_What you are asked to do:_ Output only the lines below from the one holding "Background. Pillow Covers" down to the one holding "Tiered Pre-draped Saree", both end lines included and every picture dropped.

_Entries supplied:_
──────────
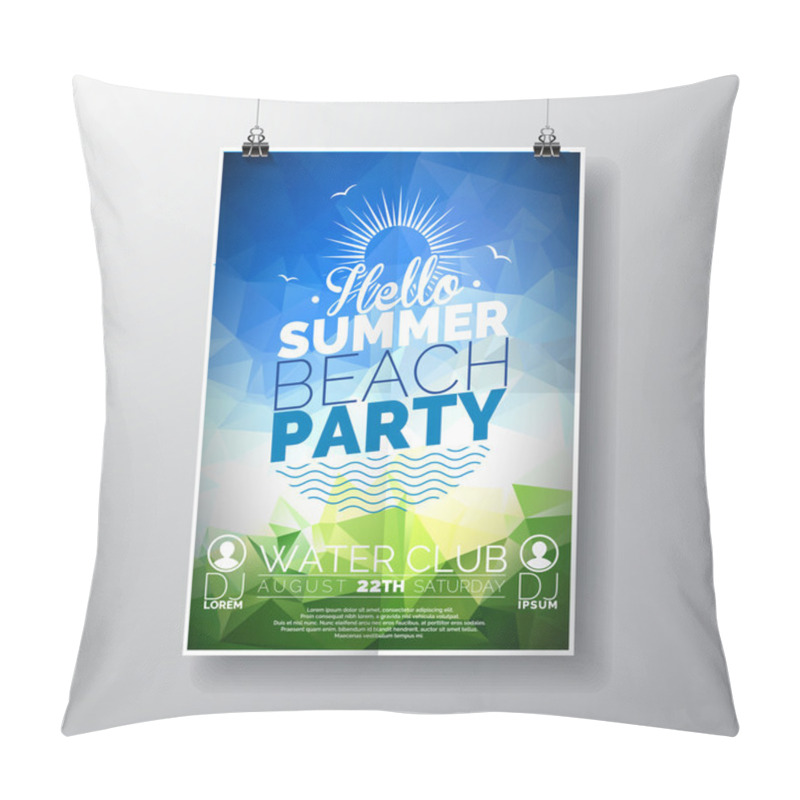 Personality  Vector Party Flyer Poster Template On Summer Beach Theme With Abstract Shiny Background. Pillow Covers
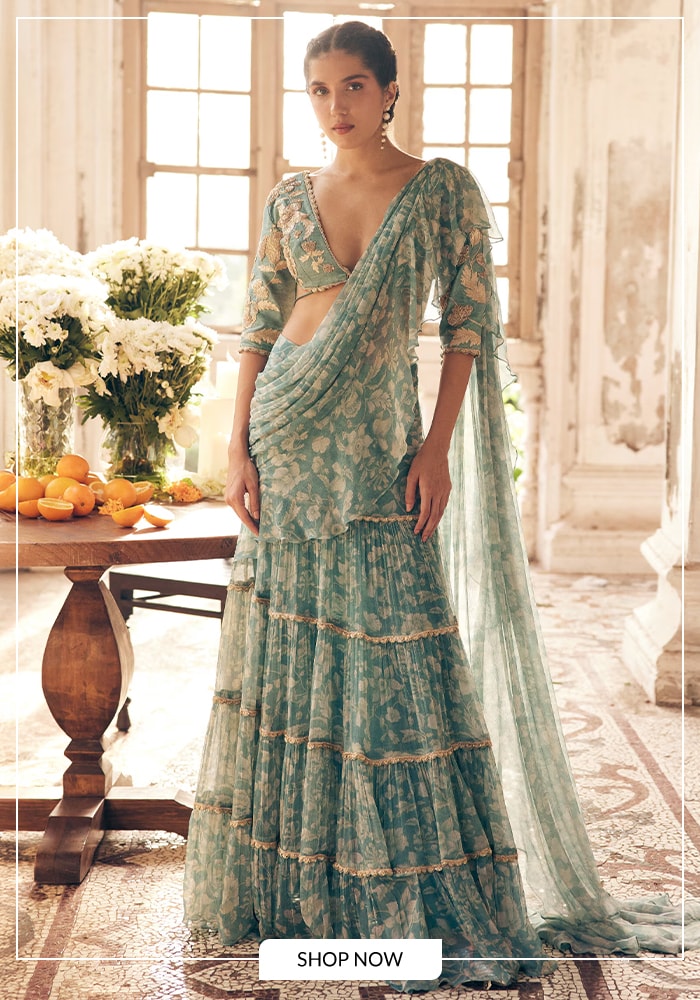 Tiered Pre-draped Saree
──────────
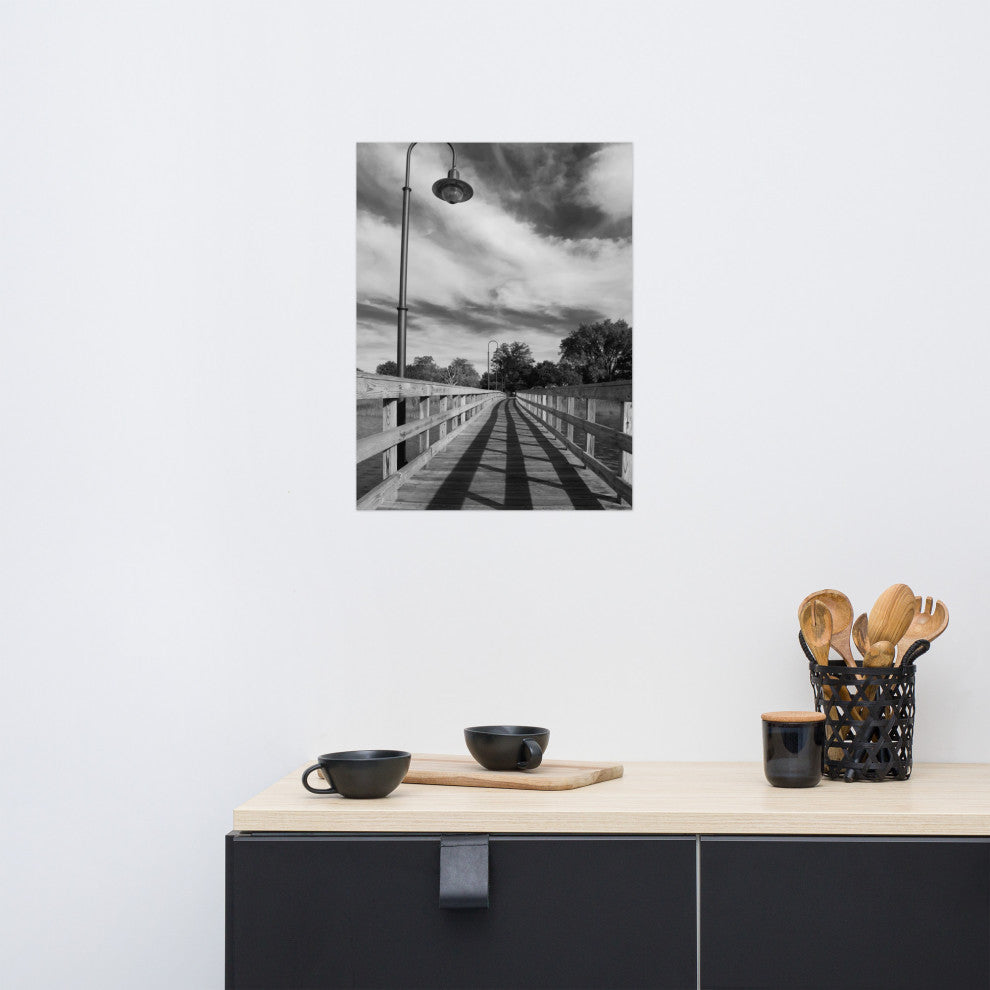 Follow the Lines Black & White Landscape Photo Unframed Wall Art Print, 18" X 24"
──────────
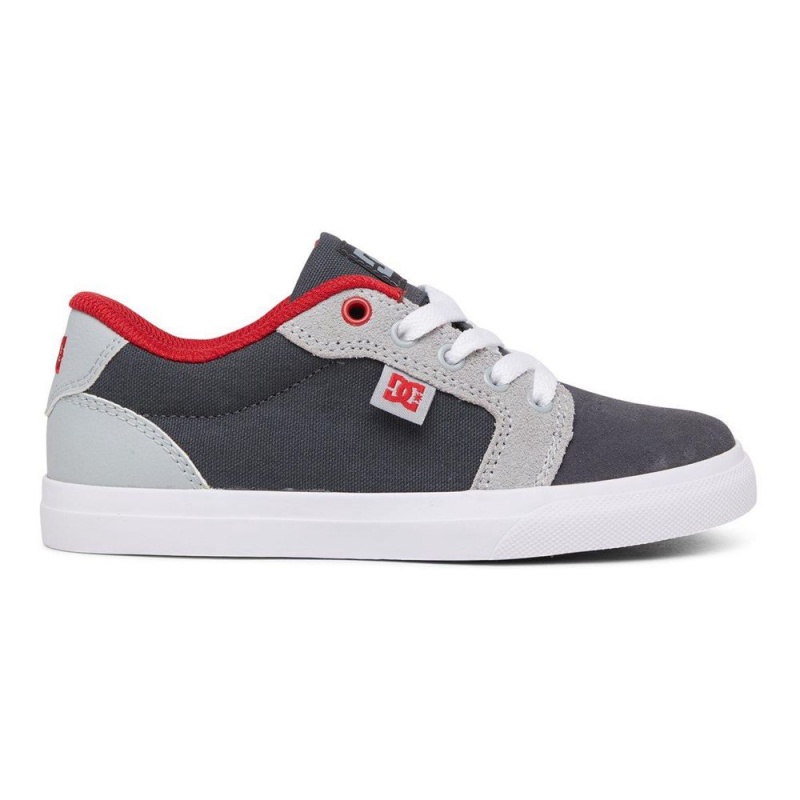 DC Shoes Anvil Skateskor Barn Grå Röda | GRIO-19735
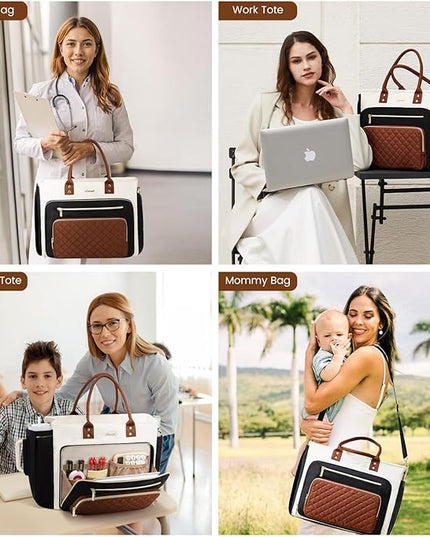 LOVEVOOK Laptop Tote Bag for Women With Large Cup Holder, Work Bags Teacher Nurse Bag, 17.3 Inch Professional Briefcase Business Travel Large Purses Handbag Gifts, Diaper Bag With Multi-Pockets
──────────
_Exercise result:_
 Personality  Vector Party Flyer Poster Template On Summer Beach Theme With Abstract Shiny Background. Pillow Covers
 Tiered Pre-draped Saree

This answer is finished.